Question-7: You are setting up credentials for various AWS services. In which of the following situation you should prefer to use IAM Role rather than direct access to service using individual account?
- Your organization already have in-house directory of users with their access permissions are already setup.
- In your AWS account to allow another AWS account permissions to access your account resources.
- One AWS service in your account can access another AWS service.
- If you have created an application which is running on EC2 instance. Application need to access AWS resources programmatically.
Ans: A, B, C, D
Detailed Explanation: IAM Roles are useful in following situation.
- Federated User Access
- If your organization is already using solution like LDAP or Microsoft active Directory, or any other identity provider for users access management. Then this users are known as federated users.
- This federated users can use Identity Provider.
- Cross Account access
- You can use an IAM Role in your AWS account to allow another AWS account permissions to access your account resources.
- AWS Service access
- If you want one service in your account can access another service. Then you can use IAM Role for that. Suppose you have to load data from S3 to Redshift cluster. Rather than using your account credentials, you will be using an IAM Role which allows Redshift to access S3 bucket on your behalf. So that it can load data from S3 bucket to Redshift cluster.

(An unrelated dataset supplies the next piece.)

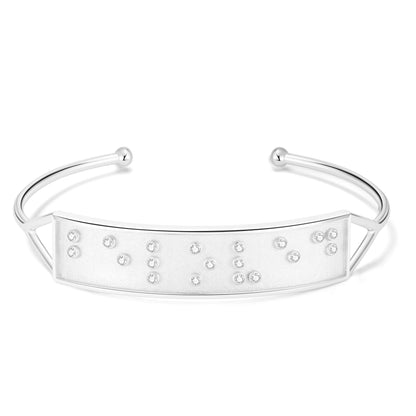 Touchstone Beloved Cuff Silver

- Applications running on EC2 instances
- If you have created an application which is running on EC2 instance. Application need to access AWS resources programmatically. It is not a good idea to store your access keys on EC2 instance.
- You should assign an IAM Role to an EC2 instance.
- To assign a Role to an EC2 instance, you will be creating an instance profile and then attach this profile to an EC2 instance while launching it.
An instance profile contain the role and enables application running on EC2 instance to get temporary access keys.